#### Problem
When you write out the records, keep every line exactly as it is.

#### Input records
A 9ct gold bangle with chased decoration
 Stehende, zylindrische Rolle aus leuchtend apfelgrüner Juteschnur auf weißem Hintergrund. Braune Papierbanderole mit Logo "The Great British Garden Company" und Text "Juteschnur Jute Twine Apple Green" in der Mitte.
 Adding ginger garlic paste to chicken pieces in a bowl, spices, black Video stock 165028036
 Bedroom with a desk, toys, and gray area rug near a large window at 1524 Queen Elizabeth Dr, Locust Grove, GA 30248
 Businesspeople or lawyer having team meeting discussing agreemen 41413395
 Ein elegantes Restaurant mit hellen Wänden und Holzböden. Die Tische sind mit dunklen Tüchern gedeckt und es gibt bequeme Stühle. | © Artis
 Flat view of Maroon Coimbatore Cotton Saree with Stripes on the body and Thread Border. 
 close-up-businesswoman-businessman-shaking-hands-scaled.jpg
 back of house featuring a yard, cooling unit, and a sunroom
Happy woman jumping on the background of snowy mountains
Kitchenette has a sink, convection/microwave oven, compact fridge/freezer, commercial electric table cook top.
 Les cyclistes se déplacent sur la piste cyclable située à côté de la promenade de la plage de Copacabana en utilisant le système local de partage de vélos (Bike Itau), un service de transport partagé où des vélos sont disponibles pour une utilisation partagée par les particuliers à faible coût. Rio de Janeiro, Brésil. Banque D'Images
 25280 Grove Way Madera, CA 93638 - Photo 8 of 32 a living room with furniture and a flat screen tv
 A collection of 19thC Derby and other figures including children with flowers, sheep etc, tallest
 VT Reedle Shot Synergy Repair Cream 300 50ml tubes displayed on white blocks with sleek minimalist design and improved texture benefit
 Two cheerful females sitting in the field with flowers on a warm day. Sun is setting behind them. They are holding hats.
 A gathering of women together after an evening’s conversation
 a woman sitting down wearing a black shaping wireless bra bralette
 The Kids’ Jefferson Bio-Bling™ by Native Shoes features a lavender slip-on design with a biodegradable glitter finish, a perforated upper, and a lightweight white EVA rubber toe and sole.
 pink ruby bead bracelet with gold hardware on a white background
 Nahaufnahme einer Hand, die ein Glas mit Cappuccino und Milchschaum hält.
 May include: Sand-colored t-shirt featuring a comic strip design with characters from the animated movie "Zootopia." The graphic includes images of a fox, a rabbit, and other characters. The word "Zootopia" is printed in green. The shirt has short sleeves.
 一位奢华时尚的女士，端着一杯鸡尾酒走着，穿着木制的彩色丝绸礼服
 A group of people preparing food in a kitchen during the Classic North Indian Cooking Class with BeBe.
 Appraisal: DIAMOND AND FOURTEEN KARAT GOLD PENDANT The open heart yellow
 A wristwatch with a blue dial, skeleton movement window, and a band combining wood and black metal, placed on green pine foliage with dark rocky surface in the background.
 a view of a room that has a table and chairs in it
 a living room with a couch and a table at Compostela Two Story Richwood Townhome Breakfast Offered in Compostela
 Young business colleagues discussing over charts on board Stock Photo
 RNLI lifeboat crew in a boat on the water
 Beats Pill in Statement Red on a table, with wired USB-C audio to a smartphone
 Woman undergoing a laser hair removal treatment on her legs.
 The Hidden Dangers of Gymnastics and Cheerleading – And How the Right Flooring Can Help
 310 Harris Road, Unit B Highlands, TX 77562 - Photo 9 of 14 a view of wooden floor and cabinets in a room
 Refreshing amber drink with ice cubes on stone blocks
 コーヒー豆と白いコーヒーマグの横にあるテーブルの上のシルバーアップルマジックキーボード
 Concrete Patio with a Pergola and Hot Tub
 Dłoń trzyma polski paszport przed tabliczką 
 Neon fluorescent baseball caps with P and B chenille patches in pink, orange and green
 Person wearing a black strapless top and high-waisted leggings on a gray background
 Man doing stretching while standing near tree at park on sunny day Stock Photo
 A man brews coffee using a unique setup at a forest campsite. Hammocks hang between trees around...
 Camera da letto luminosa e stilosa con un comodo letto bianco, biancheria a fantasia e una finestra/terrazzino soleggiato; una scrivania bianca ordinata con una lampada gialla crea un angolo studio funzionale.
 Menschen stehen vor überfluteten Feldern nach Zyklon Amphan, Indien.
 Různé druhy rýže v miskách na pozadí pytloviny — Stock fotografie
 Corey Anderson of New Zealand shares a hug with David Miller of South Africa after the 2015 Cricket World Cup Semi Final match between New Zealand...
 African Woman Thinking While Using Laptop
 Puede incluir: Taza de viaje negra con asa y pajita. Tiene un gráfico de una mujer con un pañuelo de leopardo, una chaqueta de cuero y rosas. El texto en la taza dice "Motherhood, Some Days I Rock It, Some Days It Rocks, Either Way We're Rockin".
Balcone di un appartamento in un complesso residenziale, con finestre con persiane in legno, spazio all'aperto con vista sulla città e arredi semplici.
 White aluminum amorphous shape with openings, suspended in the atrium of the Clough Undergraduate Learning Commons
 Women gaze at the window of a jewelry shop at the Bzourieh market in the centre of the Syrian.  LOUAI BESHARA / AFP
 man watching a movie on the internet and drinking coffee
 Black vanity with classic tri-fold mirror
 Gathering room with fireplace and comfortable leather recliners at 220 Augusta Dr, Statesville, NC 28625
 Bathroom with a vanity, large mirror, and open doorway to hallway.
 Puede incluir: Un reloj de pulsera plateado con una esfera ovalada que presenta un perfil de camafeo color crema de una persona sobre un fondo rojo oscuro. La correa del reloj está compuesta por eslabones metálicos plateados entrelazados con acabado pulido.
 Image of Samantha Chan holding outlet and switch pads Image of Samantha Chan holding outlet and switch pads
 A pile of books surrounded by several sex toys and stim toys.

#### Reply
A 9ct gold bangle with chased decoration
 Stehende, zylindrische Rolle aus leuchtend apfelgrüner Juteschnur auf weißem Hintergrund. Braune Papierbanderole mit Logo "The Great British Garden Company" und Text "Juteschnur Jute Twine Apple Green" in der Mitte.
 Adding ginger garlic paste to chicken pieces in a bowl, spices, black Video stock 165028036
 Bedroom with a desk, toys, and gray area rug near a large window at 1524 Queen Elizabeth Dr, Locust Grove, GA 30248
 Businesspeople or lawyer having team meeting discussing agreemen 41413395
 Ein elegantes Restaurant mit hellen Wänden und Holzböden. Die Tische sind mit dunklen Tüchern gedeckt und es gibt bequeme Stühle. | © Artis
 Flat view of Maroon Coimbatore Cotton Saree with Stripes on the body and Thread Border. 
 close-up-businesswoman-businessman-shaking-hands-scaled.jpg
 back of house featuring a yard, cooling unit, and a sunroom
Happy woman jumping on the background of snowy mountains
Kitchenette has a sink, convection/microwave oven, compact fridge/freezer, commercial electric table cook top.
 Les cyclistes se déplacent sur la piste cyclable située à côté de la promenade de la plage de Copacabana en utilisant le système local de partage de vélos (Bike Itau), un service de transport partagé où des vélos sont disponibles pour une utilisation partagée par les particuliers à faible coût. Rio de Janeiro, Brésil. Banque D'Images
 25280 Grove Way Madera, CA 93638 - Photo 8 of 32 a living room with furniture and a flat screen tv
 A collection of 19thC Derby and other figures including children with flowers, sheep etc, tallest
 VT Reedle Shot Synergy Repair Cream 300 50ml tubes displayed on white blocks with sleek minimalist design and improved texture benefit
 Two cheerful females sitting in the field with flowers on a warm day. Sun is setting behind them. They are holding hats.
 A gathering of women together after an evening’s conversation
 a woman sitting down wearing a black shaping wireless bra bralette
 The Kids’ Jefferson Bio-Bling™ by Native Shoes features a lavender slip-on design with a biodegradable glitter finish, a perforated upper, and a lightweight white EVA rubber toe and sole.
 pink ruby bead bracelet with gold hardware on a white background
 Nahaufnahme einer Hand, die ein Glas mit Cappuccino und Milchschaum hält.
 May include: Sand-colored t-shirt featuring a comic strip design with characters from the animated movie "Zootopia." The graphic includes images of a fox, a rabbit, and other characters. The word "Zootopia" is printed in green. The shirt has short sleeves.
 一位奢华时尚的女士，端着一杯鸡尾酒走着，穿着木制的彩色丝绸礼服
 A group of people preparing food in a kitchen during the Classic North Indian Cooking Class with BeBe.
 Appraisal: DIAMOND AND FOURTEEN KARAT GOLD PENDANT The open heart yellow
 A wristwatch with a blue dial, skeleton movement window, and a band combining wood and black metal, placed on green pine foliage with dark rocky surface in the background.
 a view of a room that has a table and chairs in it
 a living room with a couch and a table at Compostela Two Story Richwood Townhome Breakfast Offered in Compostela
 Young business colleagues discussing over charts on board Stock Photo
 RNLI lifeboat crew in a boat on the water
 Beats Pill in Statement Red on a table, with wired USB-C audio to a smartphone
 Woman undergoing a laser hair removal treatment on her legs.
 The Hidden Dangers of Gymnastics and Cheerleading – And How the Right Flooring Can Help
 310 Harris Road, Unit B Highlands, TX 77562 - Photo 9 of 14 a view of wooden floor and cabinets in a room
 Refreshing amber drink with ice cubes on stone blocks
 コーヒー豆と白いコーヒーマグの横にあるテーブルの上のシルバーアップルマジックキーボード
 Concrete Patio with a Pergola and Hot Tub
 Dłoń trzyma polski paszport przed tabliczką 
 Neon fluorescent baseball caps with P and B chenille patches in pink, orange and green
 Person wearing a black strapless top and high-waisted leggings on a gray background
 Man doing stretching while standing near tree at park on sunny day Stock Photo
 A man brews coffee using a unique setup at a forest campsite. Hammocks hang between trees around...
 Camera da letto luminosa e stilosa con un comodo letto bianco, biancheria a fantasia e una finestra/terrazzino soleggiato; una scrivania bianca ordinata con una lampada gialla crea un angolo studio funzionale.
 Menschen stehen vor überfluteten Feldern nach Zyklon Amphan, Indien.
 Různé druhy rýže v miskách na pozadí pytloviny — Stock fotografie
 Corey Anderson of New Zealand shares a hug with David Miller of South Africa after the 2015 Cricket World Cup Semi Final match between New Zealand...
 African Woman Thinking While Using Laptop
 Puede incluir: Taza de viaje negra con asa y pajita. Tiene un gráfico de una mujer con un pañuelo de leopardo, una chaqueta de cuero y rosas. El texto en la taza dice "Motherhood, Some Days I Rock It, Some Days It Rocks, Either Way We're Rockin".
Balcone di un appartamento in un complesso residenziale, con finestre con persiane in legno, spazio all'aperto con vista sulla città e arredi semplici.
 White aluminum amorphous shape with openings, suspended in the atrium of the Clough Undergraduate Learning Commons
 Women gaze at the window of a jewelry shop at the Bzourieh market in the centre of the Syrian.  LOUAI BESHARA / AFP
 man watching a movie on the internet and drinking coffee
 Black vanity with classic tri-fold mirror
 Gathering room with fireplace and comfortable leather recliners at 220 Augusta Dr, Statesville, NC 28625
 Bathroom with a vanity, large mirror, and open doorway to hallway.
 Puede incluir: Un reloj de pulsera plateado con una esfera ovalada que presenta un perfil de camafeo color crema de una persona sobre un fondo rojo oscuro. La correa del reloj está compuesta por eslabones metálicos plateados entrelazados con acabado pulido.
 Image of Samantha Chan holding outlet and switch pads Image of Samantha Chan holding outlet and switch pads
 A pile of books surrounded by several sex toys and stim toys.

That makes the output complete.